2020 - The Next Half - Can this be a Better Half?

What to expect in the second half  of year 2020 after experiencing a roller coaster ride in the first half? 


This Roller Coaster Life. by theannieland on DeviantArt


What to expect in the second half after experiencing a roller coaster ride in the first half?

It was a roller coaster ride for the investors in the first half of 2020. We saw Sensex and Nifty touching an all-time high and then steep fall, followed by an equally sharp rise. In this volatility, Sensex and Nifty lost almost 15 percent. Mid and small caps did better as compared to large caps, but they too are in red. Overall more stocks declined as compared to advanced. In Nifty and Sensex, almost 80 percent of stocks are at a lower level since the year began. In BSE 500, the ratio is relatively better, with 75 percent stocks quoting below YTD. But the real surprise is that not a single stock from Nifty Bank or Nifty Finance is in the green in YTD. These were sectors to go after. The sectors that gained fancy are Pharma and Telecom.

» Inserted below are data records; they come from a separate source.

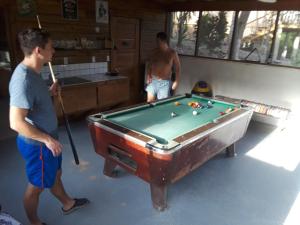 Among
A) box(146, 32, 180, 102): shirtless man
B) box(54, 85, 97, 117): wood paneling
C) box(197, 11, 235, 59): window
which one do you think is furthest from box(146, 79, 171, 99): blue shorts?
box(197, 11, 235, 59): window

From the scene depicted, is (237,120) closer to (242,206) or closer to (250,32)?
(242,206)

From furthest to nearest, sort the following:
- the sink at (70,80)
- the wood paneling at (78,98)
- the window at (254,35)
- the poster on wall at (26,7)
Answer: the window at (254,35) < the sink at (70,80) < the wood paneling at (78,98) < the poster on wall at (26,7)

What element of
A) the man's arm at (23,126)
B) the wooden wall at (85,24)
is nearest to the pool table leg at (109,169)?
the man's arm at (23,126)

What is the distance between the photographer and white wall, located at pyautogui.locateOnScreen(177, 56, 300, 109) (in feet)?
13.2

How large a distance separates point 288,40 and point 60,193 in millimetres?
4139


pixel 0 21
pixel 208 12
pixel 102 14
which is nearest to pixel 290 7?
→ pixel 208 12

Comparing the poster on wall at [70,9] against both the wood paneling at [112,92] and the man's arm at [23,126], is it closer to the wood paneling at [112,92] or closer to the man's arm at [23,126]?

Overall, India Inc lost Rs 16 lac crore of market cap in the first half.

How will the market behave in the second half?

The recent stock market rally made two camps- one feels that recovery in the economy will be V shaped, and hence the stock market should do well. Other camp feels that it will take some time for the economy to show strengths. Hence this camp is expecting subdued performance in the market in the second half.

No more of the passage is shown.